● **Task to carry out**
In the records below, find the line containing "BY.L Graffiti Logo" and the line containing "Fototapeta na wymiar". Give again exactly those lines and every line between them, omitting the pictures.
*** Provided data ***
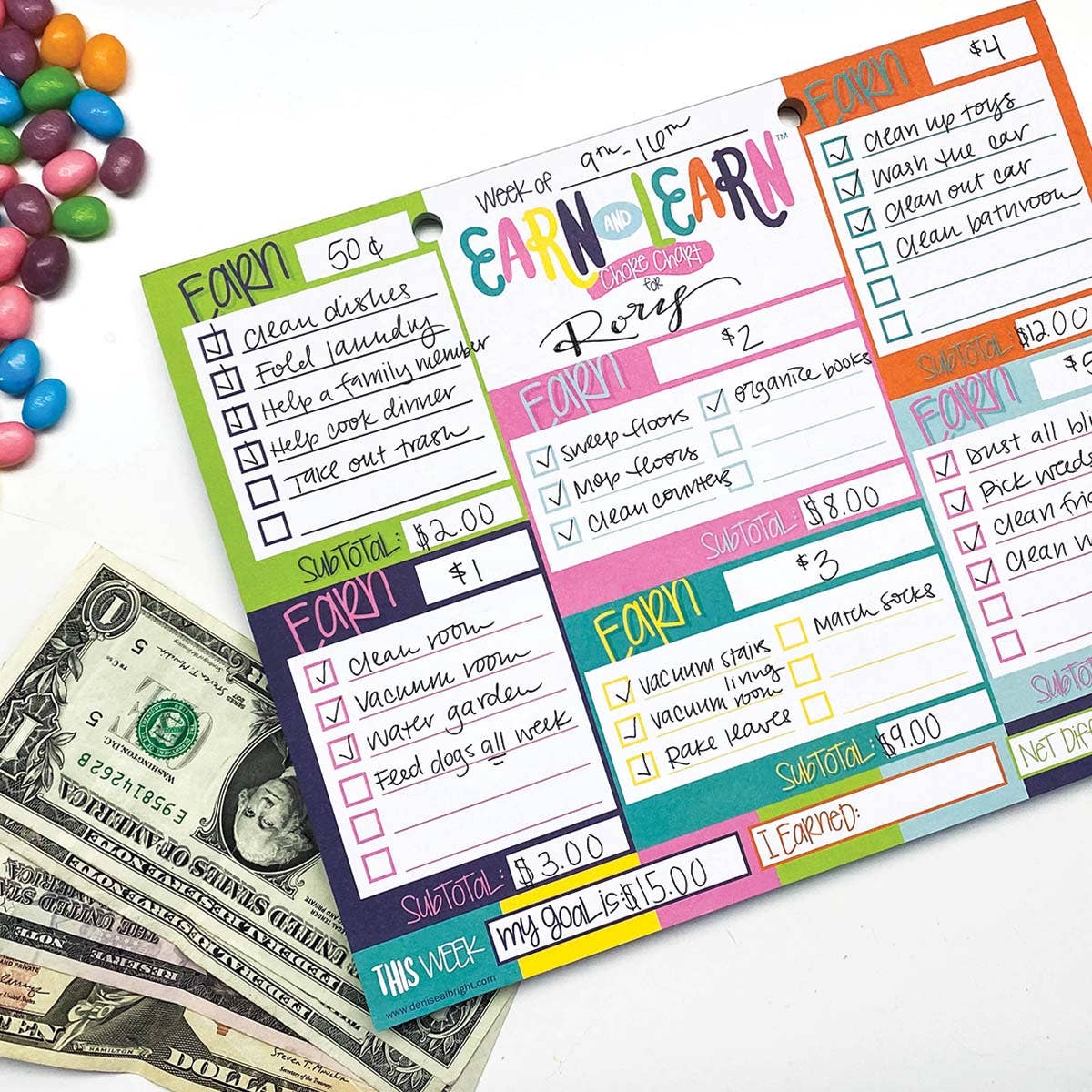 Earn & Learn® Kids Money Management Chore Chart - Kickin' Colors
*** End of Provided data ***
*** Provided data ***
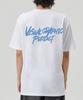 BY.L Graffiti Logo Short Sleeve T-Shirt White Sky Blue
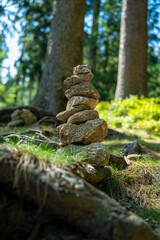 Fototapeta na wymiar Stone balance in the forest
*** End of Provided data ***
● **Output for this task**
 BY.L Graffiti Logo Short Sleeve T-Shirt White Sky Blue
 Fototapeta na wymiar Stone balance in the forest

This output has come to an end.